= Grand Isias Hotel =

Hotel in Adıyaman, Turkey

The Grand Isias Hotel was a four-star hotel in Adıyaman, Turkey. It came to prominence when it was destroyed during an earthquake in February 2023. 72 people died in the aftermath of its collapse, including thirty-five members of two volleyball teams from Northern Cyprus. Allegations of corruption led to protests by victims, and further to the detention of the proprietor and the hotel manager.

== Construction ==
The construction of the building began in 1991, and was planned as a residential house. After an accident in 1995, construction was halted for six years. In 2001, the city gave its permission to continue its construction. During the process of its construction, it was decided for the building to become a hotel. The construction was interrupted several times due to violations of the construction regulations. Eventually, the hotel was inaugurated as Grand Isias in 2002. After three years, the building received another level and an additional thirty rooms. In 2018, the hotel received another level. To make room for a subterranean garage and also the lobby, some structural pillars were removed. In July 2022, the hotel was able to be booked over the internet.

== Ownership ==
The owner of the hotel, Ahmet Bozkurt, is said to have well established relations to the party of the Turkish President Recep Tayyip Erdoğan, the Justice and Development Party (AKP). Ahmet Bozkurt was a member of the board in a local branch of the TÜGVA, which is headed by Bilal Erdoğan, the son of the Turkish President. Ahmet Bozkurt's son was the hotel manager and also a member of the city council of Adıyaman for the Justice and Development Party (AKP). The daughter of Ahmet Bozkurt is a daughter-in-law to the Turkish Minister of Tourism Mehmet Ersoy. Protests against the Bozkurt family after the earthquake eventually led to the detention of the father and two sons.

== Earthquake ==
On 6 February an earthquake devastated the city of Adıyaman and also destroyed the Grand Isias hotel. Two high school volleyball teams from Northern Cyprus and their entourage were staying at the hotel at the time of the earthquake. Four team members were able to rescue themselves by themselves, one was rescued later. The others died. Thirty tour guides, who participated at a touristic event and also stayed at the hotel at the time, also died.

=== Investigation ===
In February 2023, an investigation was launched against the members of the Bozkurt family and Ahmet Bozkurt and his two sons Fatih and Efe were arrested.
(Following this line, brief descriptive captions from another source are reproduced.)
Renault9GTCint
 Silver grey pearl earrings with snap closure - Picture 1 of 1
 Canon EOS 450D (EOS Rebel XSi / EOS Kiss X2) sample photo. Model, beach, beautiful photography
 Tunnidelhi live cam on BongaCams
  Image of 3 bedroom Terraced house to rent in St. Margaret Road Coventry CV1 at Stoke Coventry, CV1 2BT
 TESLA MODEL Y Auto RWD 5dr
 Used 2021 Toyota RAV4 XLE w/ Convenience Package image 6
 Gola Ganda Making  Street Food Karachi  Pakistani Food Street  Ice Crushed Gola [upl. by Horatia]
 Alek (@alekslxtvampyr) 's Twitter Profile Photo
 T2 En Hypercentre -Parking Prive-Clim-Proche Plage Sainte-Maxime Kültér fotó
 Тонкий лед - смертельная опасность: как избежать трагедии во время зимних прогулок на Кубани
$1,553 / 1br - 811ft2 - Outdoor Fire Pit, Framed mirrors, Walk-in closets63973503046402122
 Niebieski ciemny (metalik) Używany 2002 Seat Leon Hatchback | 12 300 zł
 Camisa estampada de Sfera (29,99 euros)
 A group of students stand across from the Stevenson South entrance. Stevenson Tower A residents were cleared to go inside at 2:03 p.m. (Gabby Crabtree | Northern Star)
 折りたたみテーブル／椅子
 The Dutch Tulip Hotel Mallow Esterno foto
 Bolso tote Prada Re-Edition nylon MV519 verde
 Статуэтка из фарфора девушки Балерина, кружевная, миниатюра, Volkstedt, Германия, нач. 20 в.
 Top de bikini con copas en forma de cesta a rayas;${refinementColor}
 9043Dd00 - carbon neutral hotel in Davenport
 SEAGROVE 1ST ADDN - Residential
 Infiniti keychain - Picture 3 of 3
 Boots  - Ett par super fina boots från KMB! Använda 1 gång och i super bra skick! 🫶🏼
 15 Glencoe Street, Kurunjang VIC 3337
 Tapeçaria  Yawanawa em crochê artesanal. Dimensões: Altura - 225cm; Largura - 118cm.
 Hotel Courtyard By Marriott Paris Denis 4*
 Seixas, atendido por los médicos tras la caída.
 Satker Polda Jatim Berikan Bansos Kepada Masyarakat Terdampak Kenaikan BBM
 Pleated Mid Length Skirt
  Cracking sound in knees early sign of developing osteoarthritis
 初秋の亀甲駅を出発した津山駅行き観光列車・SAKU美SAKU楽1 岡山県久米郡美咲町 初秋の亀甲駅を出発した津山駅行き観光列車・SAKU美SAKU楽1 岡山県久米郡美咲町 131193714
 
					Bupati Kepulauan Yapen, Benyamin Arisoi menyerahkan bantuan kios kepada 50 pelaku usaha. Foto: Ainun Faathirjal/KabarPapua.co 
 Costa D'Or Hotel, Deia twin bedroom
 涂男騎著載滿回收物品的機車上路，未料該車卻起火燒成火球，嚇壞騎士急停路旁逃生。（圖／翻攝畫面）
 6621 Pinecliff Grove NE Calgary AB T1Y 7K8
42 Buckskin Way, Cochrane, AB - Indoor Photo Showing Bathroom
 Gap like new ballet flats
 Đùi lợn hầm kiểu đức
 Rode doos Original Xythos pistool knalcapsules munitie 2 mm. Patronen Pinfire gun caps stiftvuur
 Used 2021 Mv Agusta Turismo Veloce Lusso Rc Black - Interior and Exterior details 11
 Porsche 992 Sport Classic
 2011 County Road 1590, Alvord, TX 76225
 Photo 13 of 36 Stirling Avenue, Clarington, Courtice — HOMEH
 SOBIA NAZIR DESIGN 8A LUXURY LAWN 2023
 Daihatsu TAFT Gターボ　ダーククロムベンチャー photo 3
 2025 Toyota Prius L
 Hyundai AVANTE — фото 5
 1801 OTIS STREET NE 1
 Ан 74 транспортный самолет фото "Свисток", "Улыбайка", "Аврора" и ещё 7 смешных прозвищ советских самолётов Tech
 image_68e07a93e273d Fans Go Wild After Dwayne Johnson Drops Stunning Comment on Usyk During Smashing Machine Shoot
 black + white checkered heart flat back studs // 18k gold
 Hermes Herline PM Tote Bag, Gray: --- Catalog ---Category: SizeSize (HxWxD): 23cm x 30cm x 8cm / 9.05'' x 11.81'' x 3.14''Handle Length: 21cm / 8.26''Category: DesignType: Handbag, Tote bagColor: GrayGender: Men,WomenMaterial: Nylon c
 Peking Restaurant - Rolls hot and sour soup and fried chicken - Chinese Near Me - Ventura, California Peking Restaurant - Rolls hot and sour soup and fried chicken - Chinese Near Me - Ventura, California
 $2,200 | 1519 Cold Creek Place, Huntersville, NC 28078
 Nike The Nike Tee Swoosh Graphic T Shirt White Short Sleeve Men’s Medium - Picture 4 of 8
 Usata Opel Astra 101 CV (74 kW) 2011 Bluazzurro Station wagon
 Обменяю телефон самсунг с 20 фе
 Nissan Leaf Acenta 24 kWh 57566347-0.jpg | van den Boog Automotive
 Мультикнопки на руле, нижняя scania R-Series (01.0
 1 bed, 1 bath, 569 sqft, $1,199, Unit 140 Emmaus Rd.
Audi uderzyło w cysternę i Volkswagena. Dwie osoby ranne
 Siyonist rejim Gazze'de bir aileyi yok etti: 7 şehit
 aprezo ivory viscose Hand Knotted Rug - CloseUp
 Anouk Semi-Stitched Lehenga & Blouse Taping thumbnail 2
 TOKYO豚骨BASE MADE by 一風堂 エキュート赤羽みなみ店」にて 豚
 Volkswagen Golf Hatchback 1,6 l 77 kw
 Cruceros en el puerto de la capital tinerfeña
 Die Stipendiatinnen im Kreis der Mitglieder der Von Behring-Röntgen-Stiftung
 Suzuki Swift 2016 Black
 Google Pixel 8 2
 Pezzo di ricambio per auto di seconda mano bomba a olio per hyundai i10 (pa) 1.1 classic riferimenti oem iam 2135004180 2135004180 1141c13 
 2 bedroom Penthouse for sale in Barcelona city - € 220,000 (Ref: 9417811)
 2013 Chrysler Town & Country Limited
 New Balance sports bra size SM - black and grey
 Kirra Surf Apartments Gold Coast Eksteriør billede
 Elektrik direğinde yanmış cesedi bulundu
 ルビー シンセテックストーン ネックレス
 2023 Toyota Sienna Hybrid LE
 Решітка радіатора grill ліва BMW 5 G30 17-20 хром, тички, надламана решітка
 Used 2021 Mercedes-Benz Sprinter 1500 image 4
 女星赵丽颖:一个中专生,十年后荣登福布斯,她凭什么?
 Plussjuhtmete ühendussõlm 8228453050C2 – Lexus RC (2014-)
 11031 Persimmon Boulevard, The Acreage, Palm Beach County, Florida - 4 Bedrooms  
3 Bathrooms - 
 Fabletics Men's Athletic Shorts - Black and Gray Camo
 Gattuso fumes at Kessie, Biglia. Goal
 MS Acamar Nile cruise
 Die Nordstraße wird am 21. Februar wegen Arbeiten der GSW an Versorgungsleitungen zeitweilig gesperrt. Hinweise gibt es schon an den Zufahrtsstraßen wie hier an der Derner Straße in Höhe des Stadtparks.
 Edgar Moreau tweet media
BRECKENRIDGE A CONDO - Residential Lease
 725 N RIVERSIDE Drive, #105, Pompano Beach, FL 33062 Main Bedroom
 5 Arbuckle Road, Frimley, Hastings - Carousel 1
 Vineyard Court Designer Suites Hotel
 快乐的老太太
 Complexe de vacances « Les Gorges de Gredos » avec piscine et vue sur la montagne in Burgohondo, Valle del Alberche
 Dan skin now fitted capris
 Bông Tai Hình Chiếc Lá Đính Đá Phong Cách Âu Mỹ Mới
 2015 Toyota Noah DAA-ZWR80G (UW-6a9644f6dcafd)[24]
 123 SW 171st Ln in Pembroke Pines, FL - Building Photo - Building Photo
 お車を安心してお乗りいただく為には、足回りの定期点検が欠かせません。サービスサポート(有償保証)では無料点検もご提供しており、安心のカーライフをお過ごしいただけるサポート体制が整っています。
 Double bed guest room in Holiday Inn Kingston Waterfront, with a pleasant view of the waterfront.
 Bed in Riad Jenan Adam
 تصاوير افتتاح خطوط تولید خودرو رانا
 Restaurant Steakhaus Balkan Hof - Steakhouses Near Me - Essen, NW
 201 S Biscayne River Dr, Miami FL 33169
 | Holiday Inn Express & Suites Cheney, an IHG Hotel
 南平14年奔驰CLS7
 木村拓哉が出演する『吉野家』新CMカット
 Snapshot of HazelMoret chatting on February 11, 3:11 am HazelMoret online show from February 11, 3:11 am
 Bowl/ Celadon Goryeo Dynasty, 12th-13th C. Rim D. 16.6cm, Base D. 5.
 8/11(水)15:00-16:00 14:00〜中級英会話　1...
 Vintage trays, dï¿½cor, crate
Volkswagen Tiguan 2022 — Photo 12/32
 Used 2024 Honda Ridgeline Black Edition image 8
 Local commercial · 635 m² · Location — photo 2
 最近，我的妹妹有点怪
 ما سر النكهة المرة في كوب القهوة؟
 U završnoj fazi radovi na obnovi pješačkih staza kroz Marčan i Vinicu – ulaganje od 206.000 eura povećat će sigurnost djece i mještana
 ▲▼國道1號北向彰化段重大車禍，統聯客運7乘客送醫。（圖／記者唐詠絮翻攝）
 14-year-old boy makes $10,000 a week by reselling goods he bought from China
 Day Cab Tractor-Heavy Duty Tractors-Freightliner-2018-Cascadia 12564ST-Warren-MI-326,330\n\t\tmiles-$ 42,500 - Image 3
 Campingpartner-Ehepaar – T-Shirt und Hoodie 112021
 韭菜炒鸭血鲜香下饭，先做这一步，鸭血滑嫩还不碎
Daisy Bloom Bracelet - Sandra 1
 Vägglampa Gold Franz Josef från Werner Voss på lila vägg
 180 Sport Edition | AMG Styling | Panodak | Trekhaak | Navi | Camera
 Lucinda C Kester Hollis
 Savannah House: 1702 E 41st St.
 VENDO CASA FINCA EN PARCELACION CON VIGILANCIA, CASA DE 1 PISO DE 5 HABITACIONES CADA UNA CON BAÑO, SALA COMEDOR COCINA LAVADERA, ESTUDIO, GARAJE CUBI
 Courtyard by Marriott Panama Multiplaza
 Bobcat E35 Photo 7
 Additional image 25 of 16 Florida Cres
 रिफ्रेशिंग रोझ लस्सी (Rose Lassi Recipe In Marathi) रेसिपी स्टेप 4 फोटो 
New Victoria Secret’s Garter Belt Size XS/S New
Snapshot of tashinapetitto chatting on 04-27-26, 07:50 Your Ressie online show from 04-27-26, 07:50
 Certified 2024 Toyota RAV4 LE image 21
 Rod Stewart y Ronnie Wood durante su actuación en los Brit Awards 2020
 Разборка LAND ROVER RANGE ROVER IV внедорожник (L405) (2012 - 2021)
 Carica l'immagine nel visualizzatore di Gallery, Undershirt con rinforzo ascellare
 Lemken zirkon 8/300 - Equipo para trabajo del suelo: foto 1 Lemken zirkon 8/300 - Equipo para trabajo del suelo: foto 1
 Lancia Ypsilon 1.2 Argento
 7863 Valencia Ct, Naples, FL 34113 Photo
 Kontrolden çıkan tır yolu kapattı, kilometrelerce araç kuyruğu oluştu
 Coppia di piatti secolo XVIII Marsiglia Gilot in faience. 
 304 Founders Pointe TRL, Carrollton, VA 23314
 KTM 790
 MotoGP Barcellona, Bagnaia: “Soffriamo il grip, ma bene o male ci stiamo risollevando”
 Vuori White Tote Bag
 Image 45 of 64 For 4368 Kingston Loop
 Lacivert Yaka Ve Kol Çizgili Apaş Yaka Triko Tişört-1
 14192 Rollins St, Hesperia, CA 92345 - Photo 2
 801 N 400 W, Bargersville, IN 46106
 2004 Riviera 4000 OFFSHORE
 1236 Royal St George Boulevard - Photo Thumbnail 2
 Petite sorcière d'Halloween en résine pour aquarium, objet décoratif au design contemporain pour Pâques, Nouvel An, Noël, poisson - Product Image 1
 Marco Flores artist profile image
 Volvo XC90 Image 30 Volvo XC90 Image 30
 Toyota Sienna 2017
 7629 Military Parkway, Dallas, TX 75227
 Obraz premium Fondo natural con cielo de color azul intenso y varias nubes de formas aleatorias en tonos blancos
The prosecution denied there was a secrecy order over the case file as was reported in some media.

On 25 December 2024, Ahmet Bozkurt, Fatih Bozkurt and an architect, Erdem Yilmaz, were convicted of "causing the death or injury of more than one person through conscious negligence". Both Ahmet and Yilmaz were sentenced to 18 years and five months imprisonment each, while Fatih received a prison sentence of 17 years and four months.